GIVEN INFORMATION -
-----

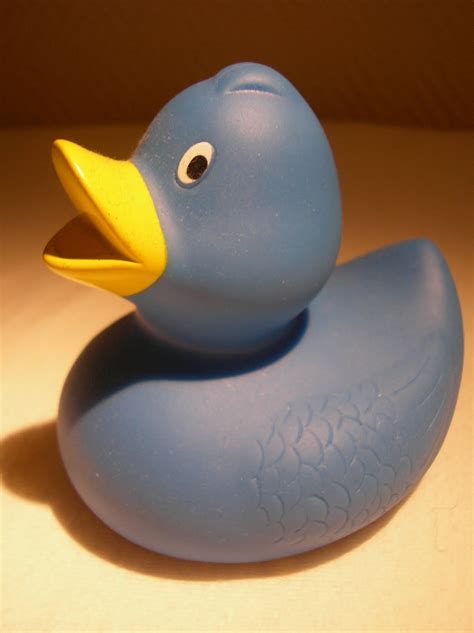 Tine's Rubber Duck Collection: blue duckie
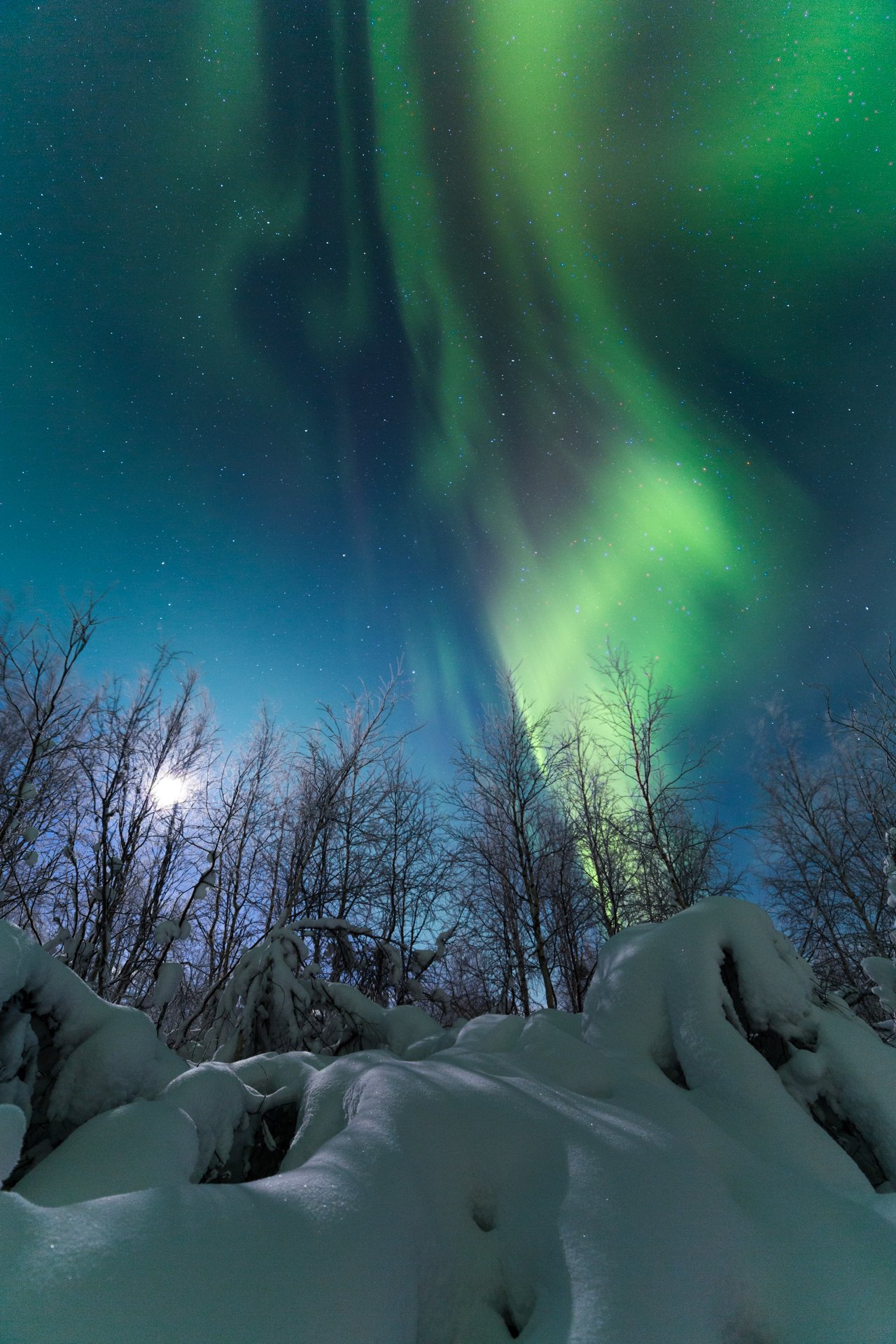 2014, aurora borealis, зима, сияние, ямал, Pavel  Evgrafov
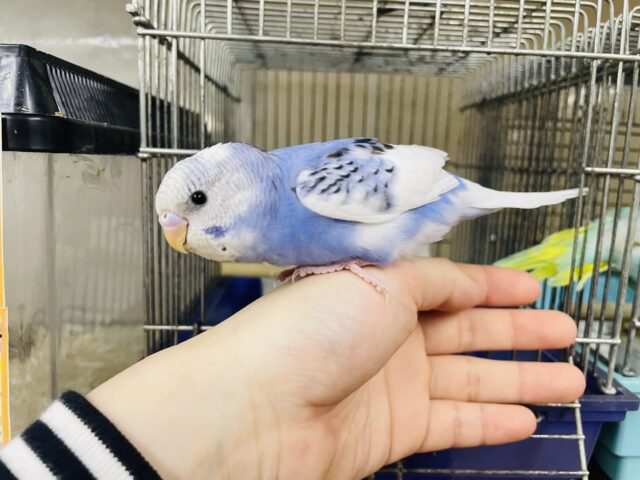 1人餌です！最新画像になりますよ！！羽に注目！唯一無二の黒模様‼️ セキセイインコ　パイド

-----

WORK TASK - Return only what lies between the line containing "2014, aurora borealis, зима, сияние, ямал, Pavel" and the last line of the listing, those two lines included, exactly as written and with no pictures.

ANSWER FOR THIS EXERCISE -
 2014, aurora borealis, зима, сияние, ямал, Pavel  Evgrafov
 1人餌です！最新画像になりますよ！！羽に注目！唯一無二の黒模様‼️ セキセイインコ　パイド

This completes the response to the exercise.